Fun fact: On TOS, the Scottish characters served as a metaphor for the Irish.
posted by drezdn at 4:49 PM on January 26, 2013 [1 favorite]


It's also possible that nearly everything that the replicator makes is alcoholic, which explains why everyone is constantly complaining about the flavor of everything.
posted by a dangerous ruin at 4:59 PM on January 26, 2013 [2 favorites]


Fun fact: On TOS, the Scottish characters served as a metaphor for the Irish.

What is Finnegan, then?

Miles O'Brien actually does have a favorite type of scotch: Wee Bairns.

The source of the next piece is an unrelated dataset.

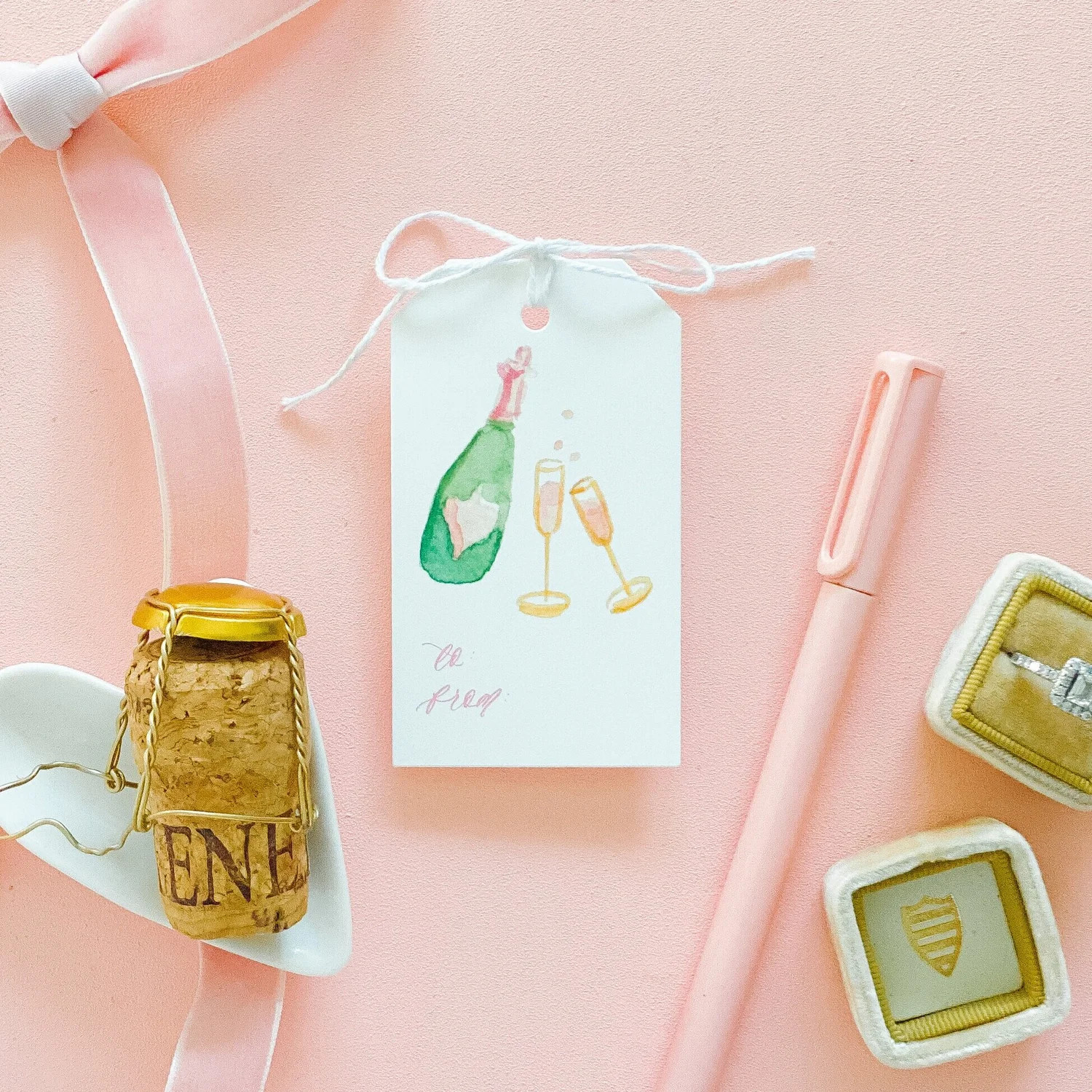 Champagne Toast Watercolor Gift Tags Set of 10 — Simply Jessica Marie | Simply Jessica Marie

Ugh. No doubt distilled in the authentic village of Brigadoon whose inhabitants all wear tartan and eat haggis every day.
posted by George_Spiggott at 5:19 PM on January 26, 2013 [3 favorites]


Mad Men Star Trek.
posted by TwelveTwo at 5:27 PM on January 26, 2013


Finnegan is a metaphor for the Space Irish.
posted by Sara C. at 5:29 PM on January 26, 2013 [1 favorite]


LEGO Damashii: "In college in '88-ish, I wrote lyrics for all the Star Treks at the time, matching the thematic premise of the show with classic tv theme songs. "

Did you mean '98-ish, or did you have some magic portal to the future so you could watch voyager back in the 80s?
posted by Deathalicious at 5:42 PM on January 26, 2013 [3 favorites]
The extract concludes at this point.